Autor: Heinz Scholz, Wissenschaftspublizist, Schopfheim D
 
Als wir Anfang November 2009 eine Wanderung von Mappach nach Gupf (unweit von Kandern im Markgräflerland D) machten, kamen wir an einem grossen Grünkohlfeld vorbei. Es waren prächtige, dunkelgrüne Pflanzen. Vor dem Feld und auch zwischen den Reihen entdeckte ich blühende Kamillen (Matricaria recutita L.). Ich zupfte ein Blütenköpfchen ab, zerrieb dieses und atmete den typischen Kamillenduft ein. Die Kamille ist ja eine der beliebtesten und meistgebrauchten Heilpflanzen. Mich erstaunte nur, dass sie noch blühte. Die normale Blütezeit erstreckt sich von April bis September. Aber wahrscheinlich wuchs sie in einem vor Wind geschützten Areal heran. Das Leben in Gesellschaft zum Grünkohl (Brassica oleracea convar. acephala var. sabellica L.) tat ihr offensichtlich wohl.
 
Zurück zum Grünkohl: Auf dem Schopfheimer Wochenmarkt sah ich nur an einem einzigen Stand den Grünkohl, während an fast jedem anderen Stand Rot- oder Weisskohl angeboten wurden.
 
Das typische Wintergemüse wird bei uns leider nicht so oft angebaut, weil die daraus bereiteten Speisen nicht jedermanns Sache sind. „Den Grünkohl esse ich nicht, den sollen die Preussen verspeisen“, sagte zu mir kürzlich eine Nachbarin. Sie bevorzugt Rotkohl (Rotkabis) Weisskohl (Weisskabis), Brokkoli und Wirsing (Wirz).
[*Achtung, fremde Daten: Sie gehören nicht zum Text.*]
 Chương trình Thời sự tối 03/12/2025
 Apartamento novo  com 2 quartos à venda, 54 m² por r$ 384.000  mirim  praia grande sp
Der Grünkohl ist ihr ein Graus. Der Grünkohl ist besonders in Norddeutschland und Nordrhein-Westfalen populär.
 
Früher galt der Grünkohl in Baden-Württemberg als gutes Hasenfutter und in Ostdeutschland als Hühnerfutter. Die Hasen und Hühner gediehen prächtig.
 
Der Grünkohl ist ein Blattkohl. Die Blätter sind etwas grösser als die des Kohlrabis, aber genauso langstielig. Die Blattenden sind gekräuselt und haben aus der Nähe das Aussehen einer Rosette; aus der Distanz könnte man sie noch mit der Petersilie verwechseln, nur dass sie viel grösser sind. Das Blattwerk ist von hellgrüner bis dunkelgrüner Farbe.
 
Regional hat der Grünkohl folgende Bezeichnungen in Deutschland: Braunkohl, Hochkohl, Winterkohl oder Krauskohl. Die Schweizer kennen den Grünkohl unter dem Namen Federkohl.
 
Der Grünkohl wird übrigens nach dem 1. Herbstfrost bis April geerntet. Durch den Frost wird die Stärke teilweise in Zucker umgewandelt. Der Kohl wird schmackhafter und entfaltet sein volles Aroma. Es gibt jetzt auch Sorten, die schon vor dem 1. Frost geerntet werden. Im Frühjahr treiben neue Blätter. Diese können dann wie Brokkoli zubereitet werden. Passende Gewürze zu Grünkohlgerichten sind Kümmel, Rosmarin und Thymian.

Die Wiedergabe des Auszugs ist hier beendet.